2025
Le gouvernement espagnol a poursuivi la procédure engagée pour inscrire le droit à l’IVG dans la Constitution. Le 26 février, le Conseil d’État a estimé que la réforme pouvait juridiquement avancer, tout en recommandant de mettre l’accent sur l’obligation des pouvoirs publics de garantir concrètement l’accès aux soins. Le projet définitif a été adopté par le Conseil des ministres le 7 avril, puis transmis au Congrès.

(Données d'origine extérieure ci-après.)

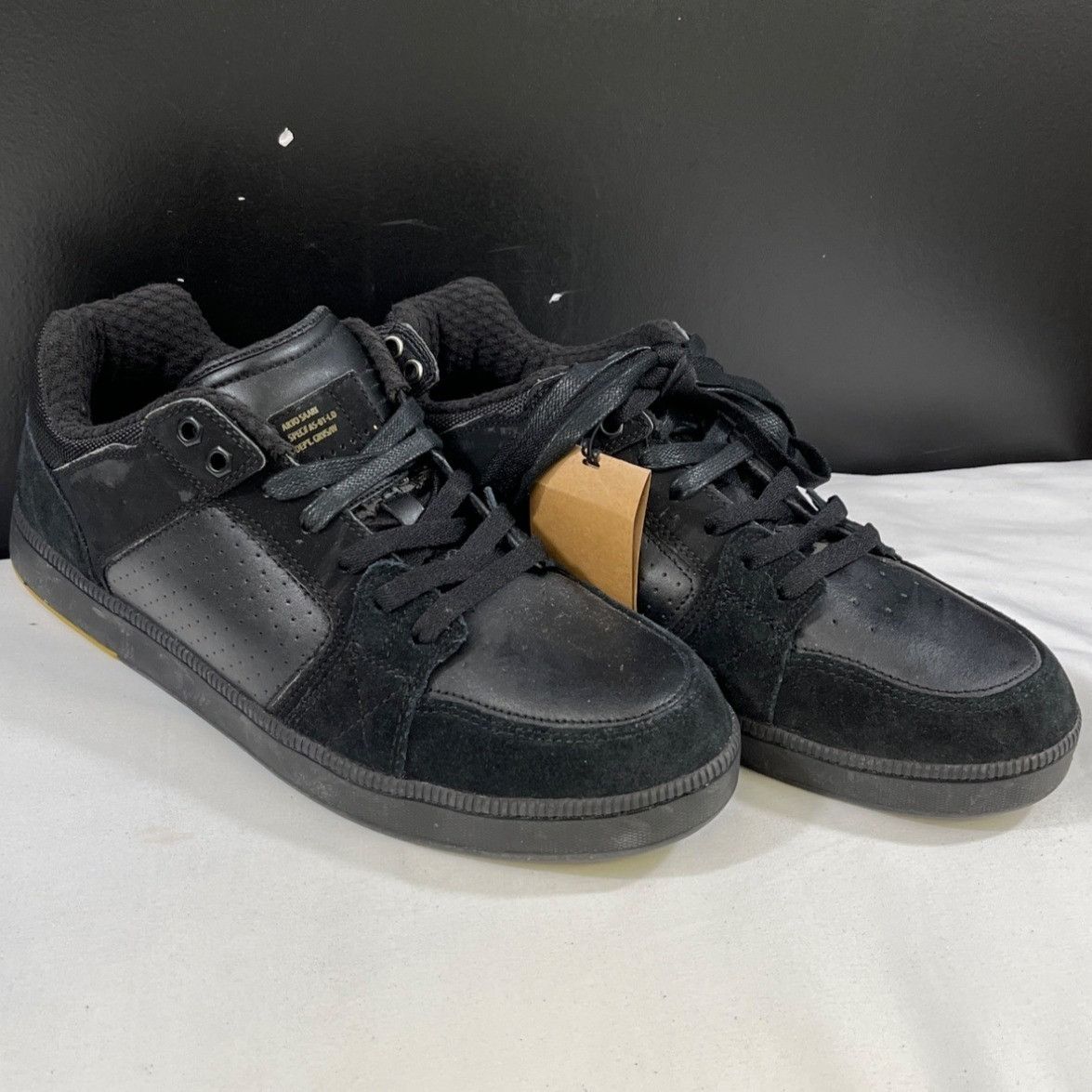 Gravis Men s Black Low Top Shoes Sneakers Size 12 SKU 5588 Footwear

Le 30 avril, les députés ont rejeté, par 177 voix contre 171, les tentatives du Parti populaire et de Vox visant à bloquer le texte. Ce vote n’a toutefois pas constitutionnalisé l’IVG : il a seulement permis à la procédure parlementaire de continuer.

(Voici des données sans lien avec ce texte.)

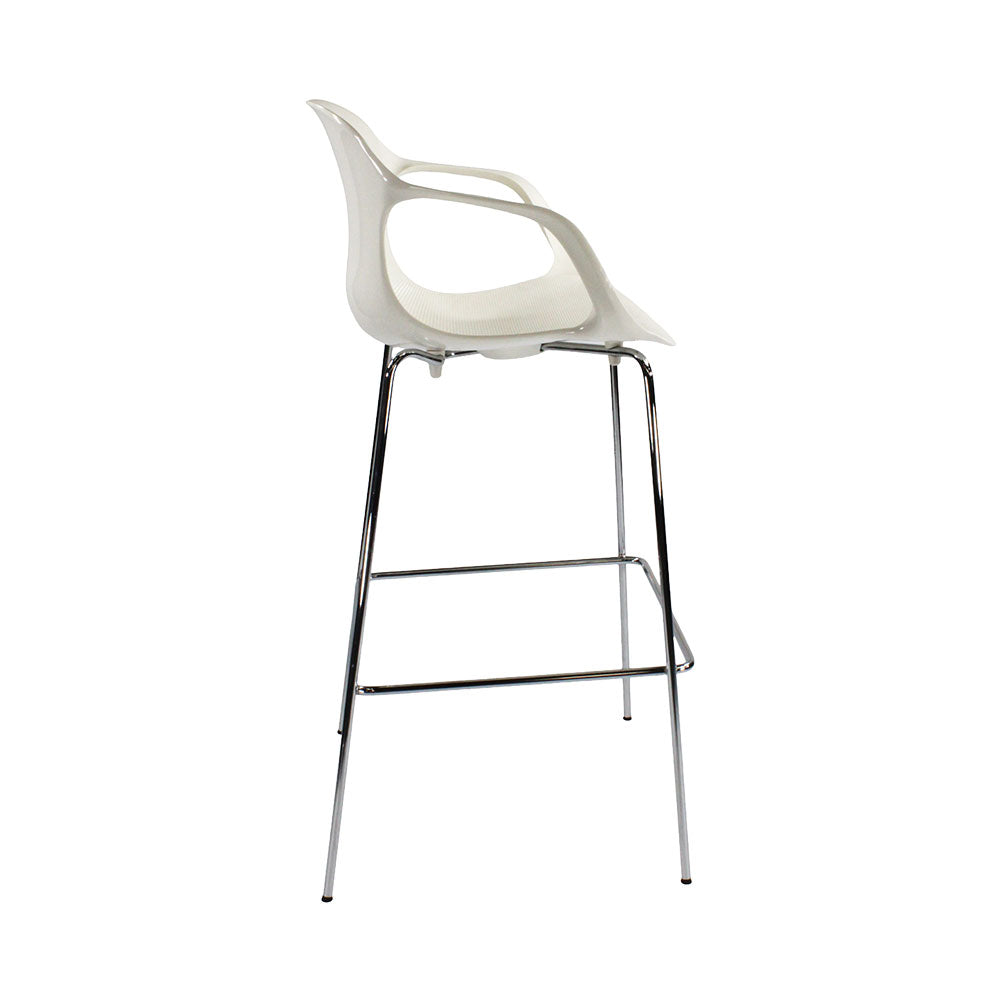 <tc>Fritz Hansen</tc>: Tabouret de bar Nap blanc - Reconditionné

La réforme pour constitutionnalisé le droit à l’IVG n’a toujours pas adoptée, car elle doit réunir une majorité des trois cinquièmes au Congrès et au Sénat, difficile à atteindre sans le soutien du Parti populaire.
2019-2025
Depuis 2022, la loi sanctionne l’entrave, l’intimidation ou le harcèlement des femmes ou des professionnels autour des cliniques, par une peine de prison de 3 à 12 mois, ou travaux d’intérêt général, ou une interdiction d’approcher ou de communiquer avec la victime ou de se rendre près des cliniques, pour une durée de 6 mois à 3 ans.
En 2023, une nouvelle réforme a renforcé l’égal accès à l’avortement dans les hôpitaux publics de toutes les communautés autonomes. La loi a introduit des mesures telles que la garantie de l’allocation de ressources économiques aux hôpitaux publics, la création dans chaque communauté d’un registre de médecins objecteurs de conscience, dans le but d’améliorer l’organisation et la continuité du service au sein d’une même communauté, l’autorisation aux mineures d’avorter sans l’accord de leurs parents dès l’âge de 16 ans et enfin la suppression du délai de réflexion obligatoire. Cette même année, la loi espagnole sur l’avortement, en vigueur depuis 2010, a été jugée conforme à la Constitution par le Tribunal constitutionnel espagnol, rejetant ainsi un recours déposé par le Parti populaire (PP) de centre droit en 2012.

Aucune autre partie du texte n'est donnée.